This is the old RCRchive. It's available only for reading and reference. To submit RCRs for Ruby 1.9/2.0, and to participate in discussions about them, please visit the new RCRchive.
ruby picture

RCR 345: Make Ruby 2 standard libraries use Symbols in place of C-sty

Submitted by Tomasz Wegrzanowski (Sun Aug 20 03:31:30 UTC 2006)

Abstract

In C most libraries use #define'd integers to emulate symbols. This is very inconvenient and error-prone. Ruby has real Symbols, so there is no reason to emulate C-style pseudosymbols. The standard library should use "real" symbols instead.

Problem

C programming language doesn't have any ways of passing "tags" around. The most common way of doing so is by creating a header with set of: #DEFINE NAMESPACE_SYMBOL number And then using NAMESPACE_SYMBOL when one wants to pass tags around.

Currently Ruby standard library uses C-style pseudo-symbols all over the place. For example to create a socket one has to say:

socket = Socket.new(Socket::AF_INET, Socket::SOCK_STREAM, 0)

Instead of more Ruby-like:

socket = Socket.new(:inet, :stream, 0)

This is highly verbose - one needs to remember many multi-level namespaces (here Socket::SOCK_* and Socket::AF_*) and also highly error-prone. It is very easy to make a mistake like:

socket = Socket.new(Socket::SOCK_STREAM, Socket::AF_INET, 0)

and it doesn't even throw an error, just creates a wrong kind of socket, what is very hard to debug.

We can make Socket::SOCK_STREAM evaluate to Socket::SOCKEnum object (some Ruby libraries do something like that), but this would be ugly. It's much easier to simply use Symbols.

Proposal

The proposal has two parts (and a third optional part) - first make functions like Socket.new accept symbols instead of Integers, and dispatch them at runtime.

Second, make all existing pseudo-symbols evaluate to real symbols. So Socket::SOCK_STREAM will evaluate to :stream etc. This way most programs will continue to work.

Third, optional, is to define Symbol#| to return some object that can be converted to a number in a right way later. Probably not an Array, because Array#| already does something, and :a|:b|:c would mean [:a,:b]|:c what would be bad.

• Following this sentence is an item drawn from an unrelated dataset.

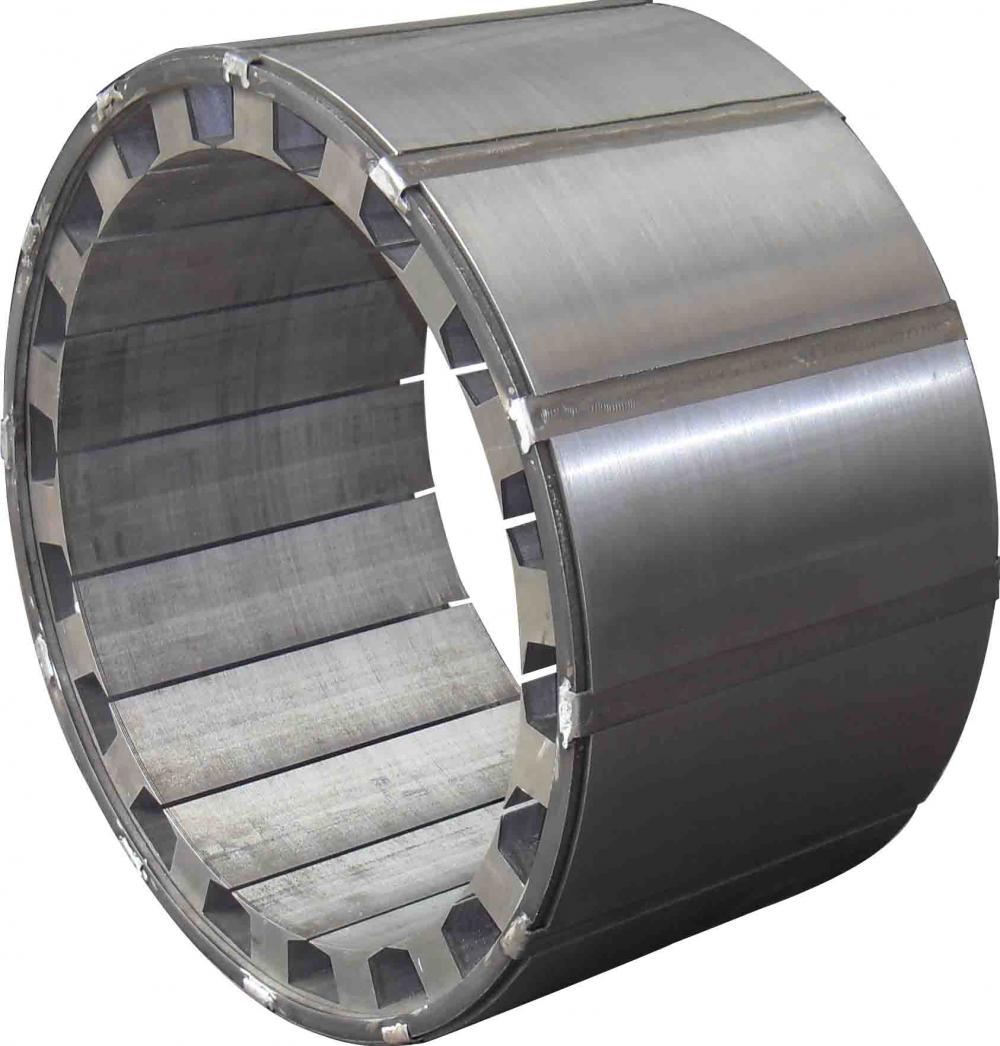 Motor Stampings Laminated Rotor Lamination Core, High Quality Motor ...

Maybe we should let such functions accept integers too, so people can pass nonstandard pseudosymbols. This would be very rarely used of course.

Analysis

The change will make the Ruby standard library significantly easier and less error-prone to use.

This proposal is mostly backwards-compatible, however there are a few cases where it's not.

Case 1 - if the fact that pseudosymbols are integers is actually used in a program. The most common case is probably flags, like open("file", Fcntl::O_CREAT|Fcntl::O_EXCL). We can make it backwards-compatible by defining Symbol#| or accept the incompatibility. I'm not sure whether Symbol#| is a good idea or not. If we added Symbol#|, the backwards compatibility would be pretty much complete in this case.

Case 2 - we don't really know what namespace to use. Most calls like Socket#new know how to convert each of their arguments. Some however don't, like ioctl(2), and they'd need more complex solutions.

It should not be slower in most cases.

Both:

 socket = Socket.new(Socket::SOCK_STREAM, Socket::AF_INET, 0)
and
 socket = Socket.new(:stream, :inet, 0)
have to convert symbols to numbers at run-time. Only one does it before the call, and other after the call. Well, unless Ruby does some sort of optimization here, but both cases seem to be as optimizable.

Because of the slight backwards incompatibility, it's best to do the switch when moving to Ruby 2.

Implementation

Implementation should be relatively straighforward.
ruby picture
Comments Current voting
How can I superseed? It superseeds my 343 which superseeds 178. My is bit different because you could pass fixnum istead symbol which makes it backward compatible. Implementation is not so easy. Easy part is add methods from my rcr. Harder part is browse source and replace all occurences of const by rb_const_get.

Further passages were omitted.